**ASSIGNMENT:** When you write out the listing, keep every word as it stands and drop the pictures.

**SOURCE MATERIAL:**
──────────────────────────────
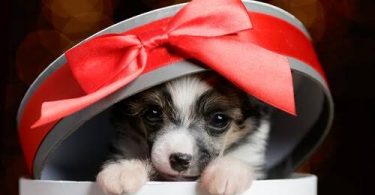 How To Give Pets as Gifts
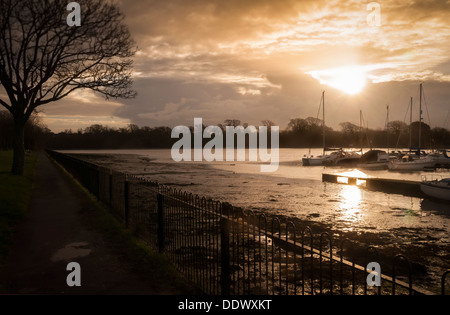 Sonnenaufgang über einem schlammigen englische Bach Stockfoto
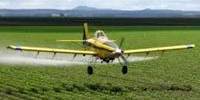 Use of Pesticides in the Agricultural Industry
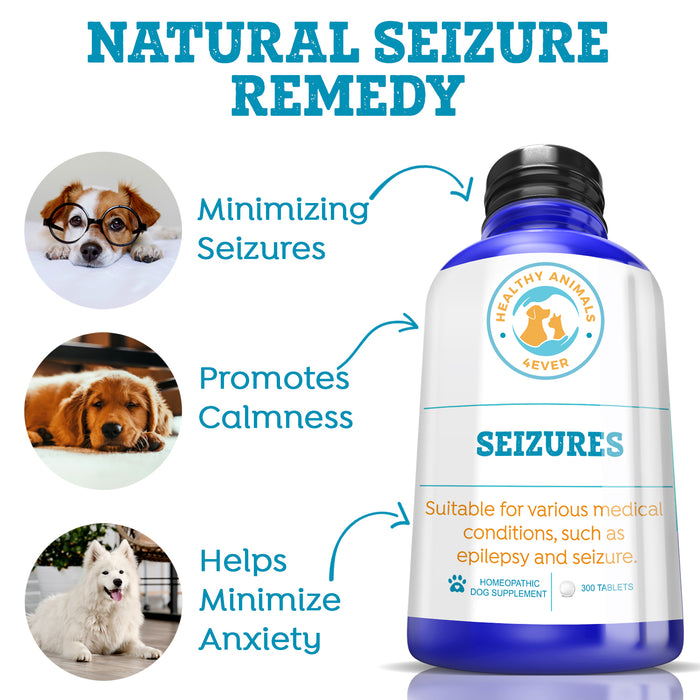 Seizures - Dogs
──────────────────────────────
**SOLUTION TO THE EXERCISE:**
 How To Give Pets as Gifts
 Sonnenaufgang über einem schlammigen englische Bach Stockfoto
 Use of Pesticides in the Agricultural Industry
 Seizures - Dogs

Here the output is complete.